Robyn Hitchcock: Fegmania! (1985)

Fegmania (or, more accurately, Fegmania!) served as my introduction to Robyn Hitchcock when it first arrived at the radio station during my college radio DJ'ing days.  And to this day it remains pretty much my favorite Hitchcock release, though his entire career, from his early days leading The Soft Boys to his current status as an indie rock elder statesman reliably releasing great albums every year, is littered with fantastic music.

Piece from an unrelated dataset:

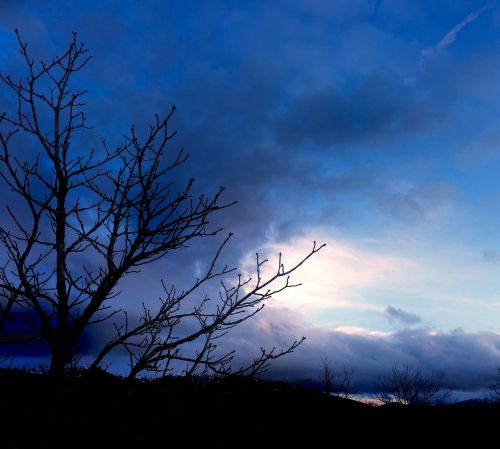 tree landscape nature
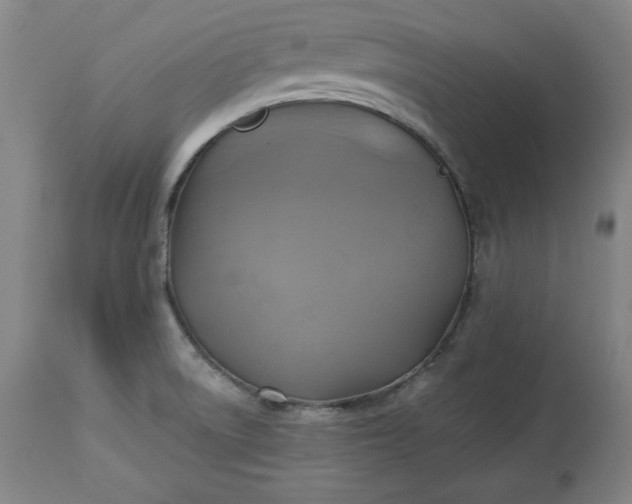 X0000113341522200909291018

It's hard for me to evaluate this objectively, since it will always have particular emotional resonance as my introduction to an artist for whom I have such admiration and who has long been part of my musical life, but I do think it stands up particularly well on the merits.  Recorded with the Egyptians (essentially the Soft Boys minus guitarist Kimberley Rew, who had moved on to form Katrina & The Waves), the album is a near-perfect amalgam of jangly college radio guitar rock in an R.E.M. vein, Sgt. Pepper-era Beatles-infused psych-pop (with Hitchcock's vocals skirting between John Lennon and Syd Barrett), and Hitchcock's somewhat absurdist and Monty Python-esque lyrical gifts.

The album is freakishly rich in catchy off-kilter pop with nary a dud to be found.  Particular favorites include "Heaven," the sort of perfect pop song that would be #1 for months in an alternate universe where the Top 40 was made up of actually great music; lead-off track "Egyptian Cream," highlighting Hitchcock's often absurd and creepy/sexy lyrical stylings coupled with a fantastic jangly guitar and punchy drum & bass combo; the Byrdsy jangle-pop of "Another Bubble"; the disturbing yet compelling "My Wife & My Dead Wife"; and the buoyant bubblegum-psychedelia of "Strawberry Mind."  And while it's been released in various iterations, the CDs typically append some key bonus tracks, including a terrific turn on "The Bells of Rhymney," one of many visits by Hitchcock to the Byrds catalog.

(While you can still find the original album, I'd go with the amazing box set Luminous Groove, which pairs this with its equally excellent studio follow-up Element of Light, the live album that came out between the two, and a metric fuckton of rarities and the like.)

Here's a video for a contemporaneous live take on "Heaven":
And, hey, some kid put together a home movie for "My Wife & My Dead Wife"; weird, but this sort of thing should definitely be encouraged.
Here's the official video for "The Man With The Lightbulb Head," probably my least favorite song on the album (definitely more on the Captain Beefheart side of the equation) but Robyn's first official video so let's go with it:

Comments

  1. It felt like this record was glued to the turntable at the record store where I worked . I have fond memories of this and it is the Hitchcock album I go back to most often, but there is something about hearing an album played by others SO many times that takes a little bit of the shine away.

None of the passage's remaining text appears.